**WHAT IS BEING ASKED:** Reproduce the data below exactly as written. Pictures do not belong in the copy.

**SUPPLIED RECORDS:**
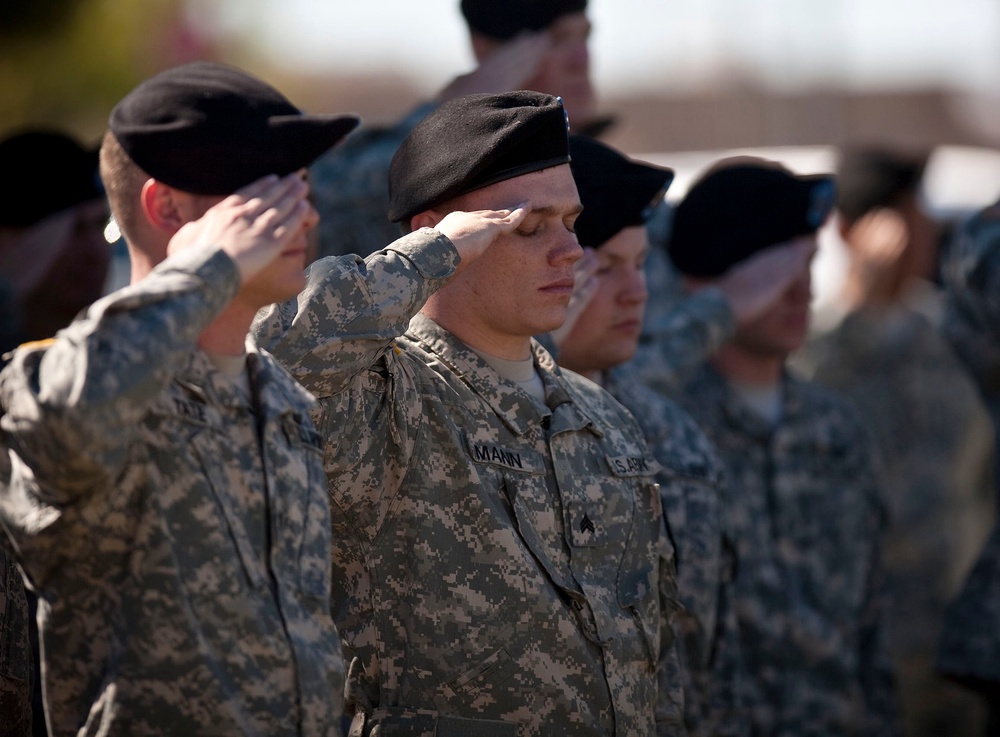 Soldiers salute at a remembrance service for Fort Hood victims on the first anniversary of the shooting in Killeen, Texas, on 5 November 2010 (Getty)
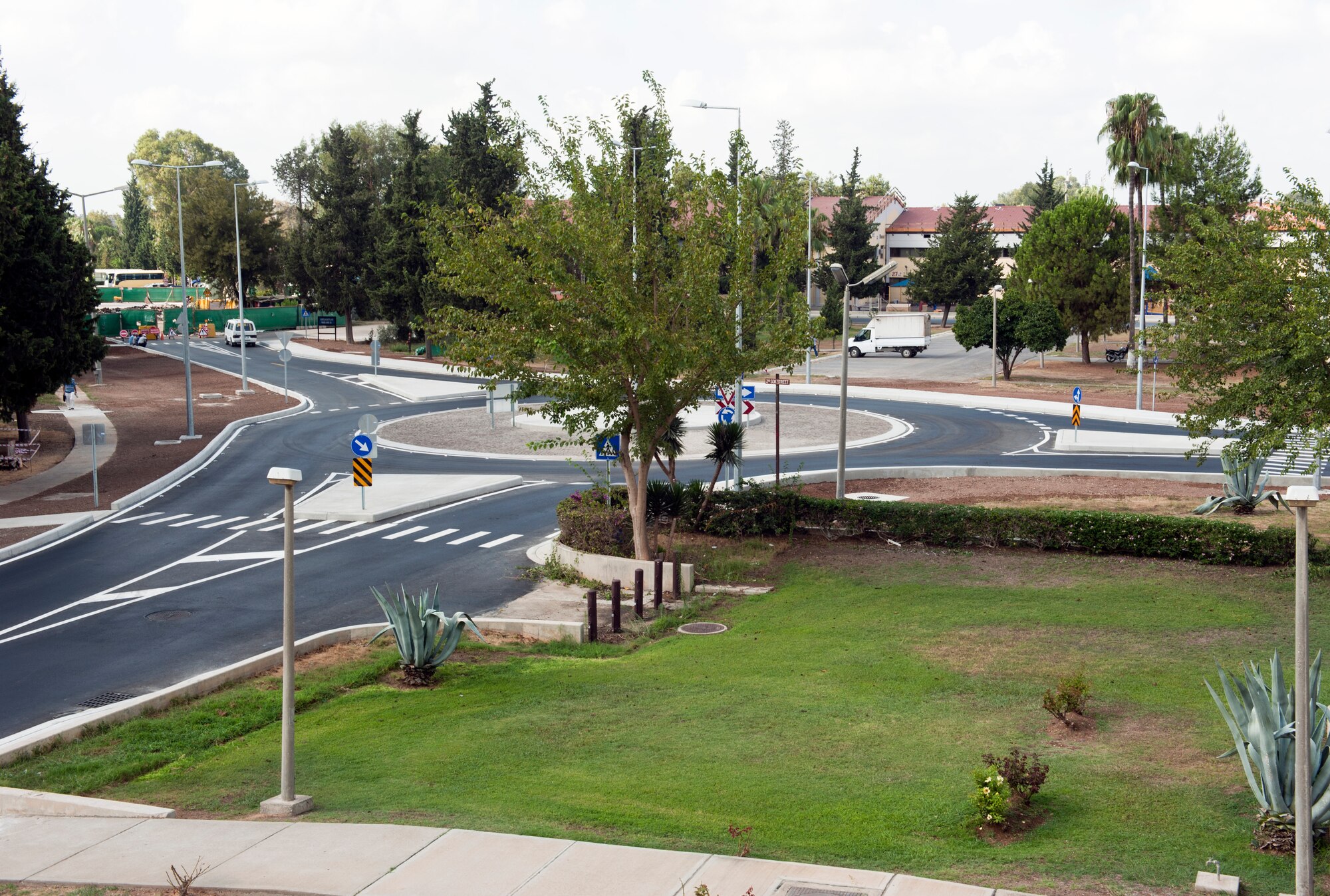A new roundabout is located at the corner by the wing headquarters’ building with one exit closed off Aug. 22, 2013, Incirlik Air Base, Turkey.  Road construction is slated to be completed November 2013. (U.S. Air Force photo by Senior Airman Daniel Phelps/Released)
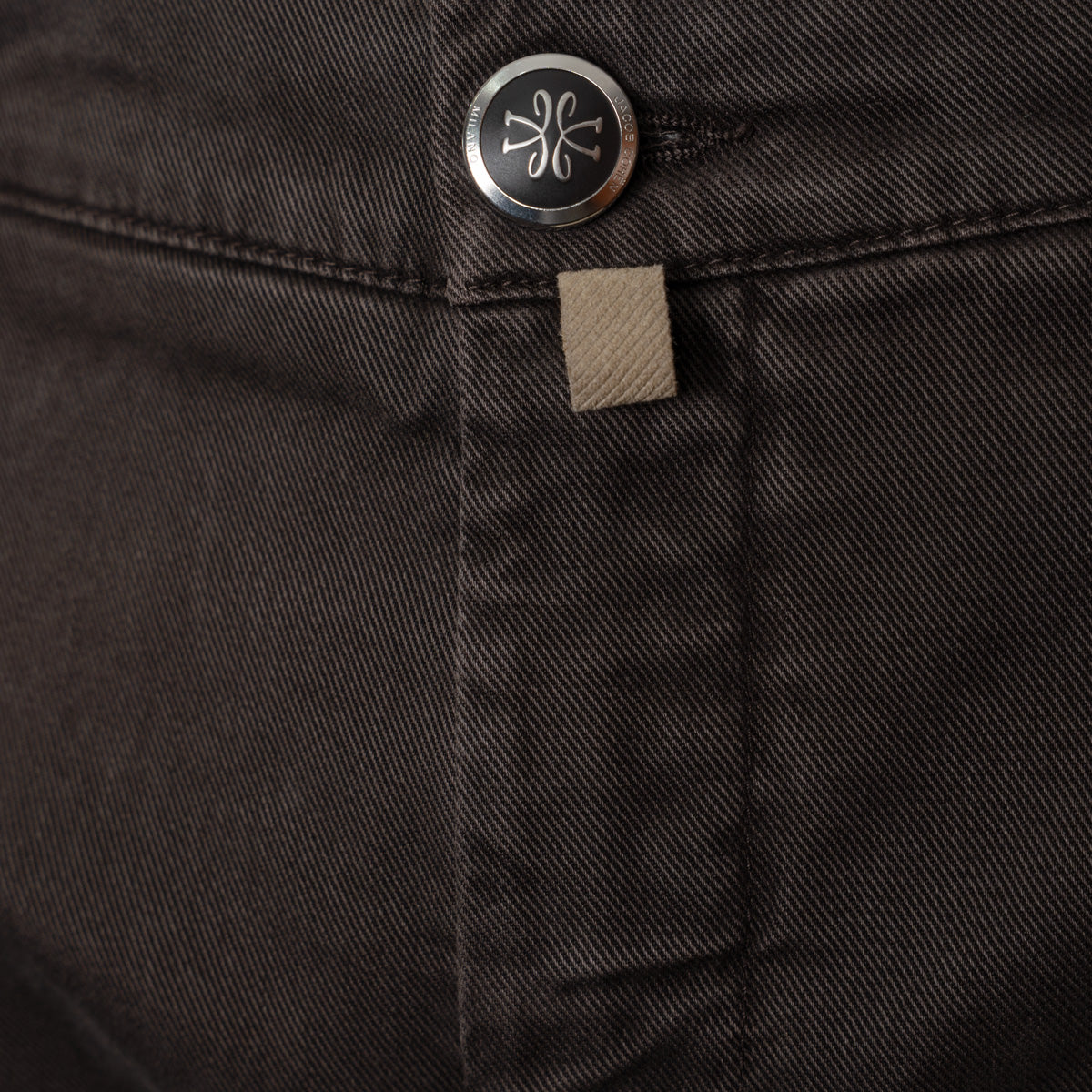 Close-up of dark charcoal gray denim fabric showing a silver metal button with a stylized logo and a small beige fabric brand tab. Jacob Cohen Trousers available at Sakks Menswear in Southampton.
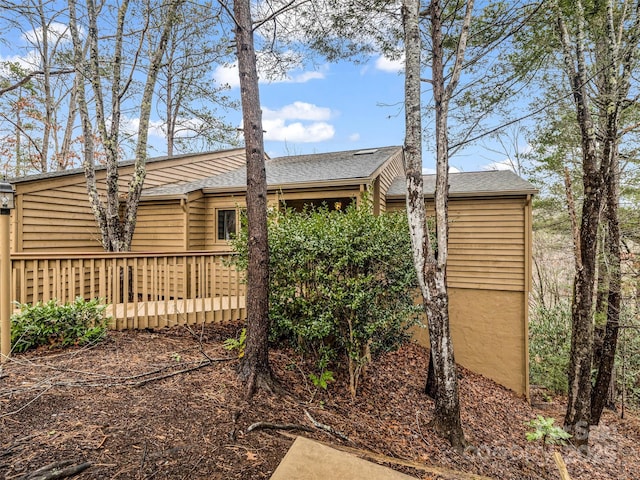 155 Quail Cove Blvd Unit 1615, Lake Lure, NC 28746 - view of side of property featuring a deck and a shingled roof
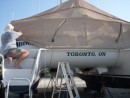 Captain Brian doing the finishing touches to the boat cover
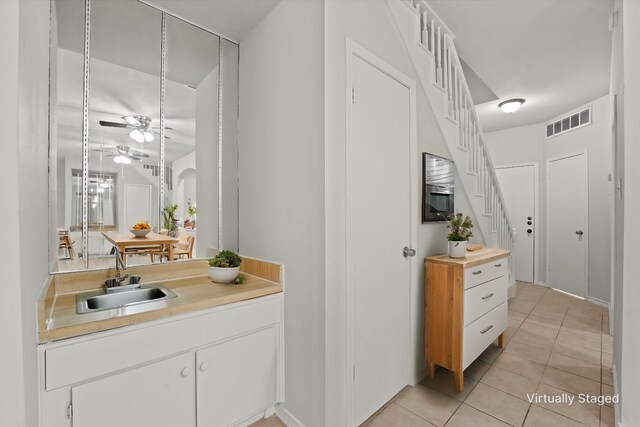 bathroom featuring vanity, tile patterned floors, and ceiling fan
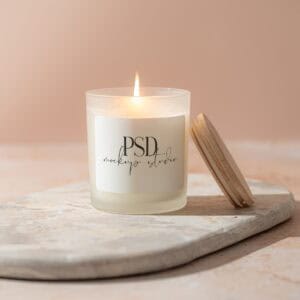 The Frosted Candle Mockup PSD 11oz | Real Photo shows a lit white candle in a frosted glass jar labeled PSD mockup studio on a stone tray with its wooden lid beside it, set against a soft beige background for an elegant look.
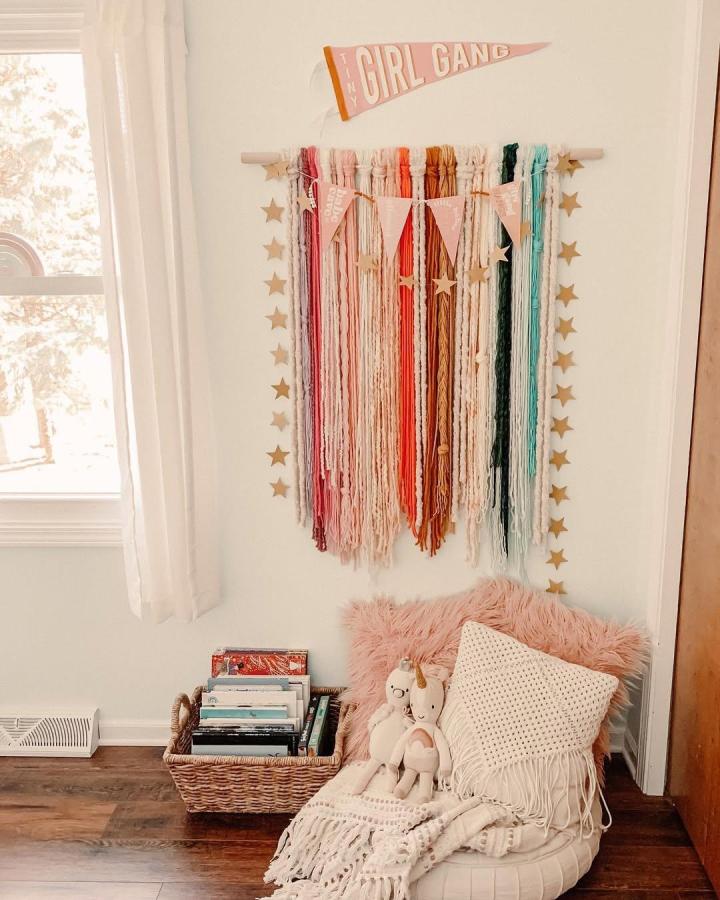 Blush and teal yarn wall hanging with star garland in cozy reading nook by @theheatherco. Cozy and colorful textile art with playful details.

**RESPONSE BELOW:**
 Soldiers salute at a remembrance service for Fort Hood victims on the first anniversary of the shooting in Killeen, Texas, on 5 November 2010 (Getty)
A new roundabout is located at the corner by the wing headquarters’ building with one exit closed off Aug. 22, 2013, Incirlik Air Base, Turkey.  Road construction is slated to be completed November 2013. (U.S. Air Force photo by Senior Airman Daniel Phelps/Released)
 Close-up of dark charcoal gray denim fabric showing a silver metal button with a stylized logo and a small beige fabric brand tab. Jacob Cohen Trousers available at Sakks Menswear in Southampton.
 155 Quail Cove Blvd Unit 1615, Lake Lure, NC 28746 - view of side of property featuring a deck and a shingled roof
 Captain Brian doing the finishing touches to the boat cover
 bathroom featuring vanity, tile patterned floors, and ceiling fan
 The Frosted Candle Mockup PSD 11oz | Real Photo shows a lit white candle in a frosted glass jar labeled PSD mockup studio on a stone tray with its wooden lid beside it, set against a soft beige background for an elegant look.
 Blush and teal yarn wall hanging with star garland in cozy reading nook by @theheatherco. Cozy and colorful textile art with playful details.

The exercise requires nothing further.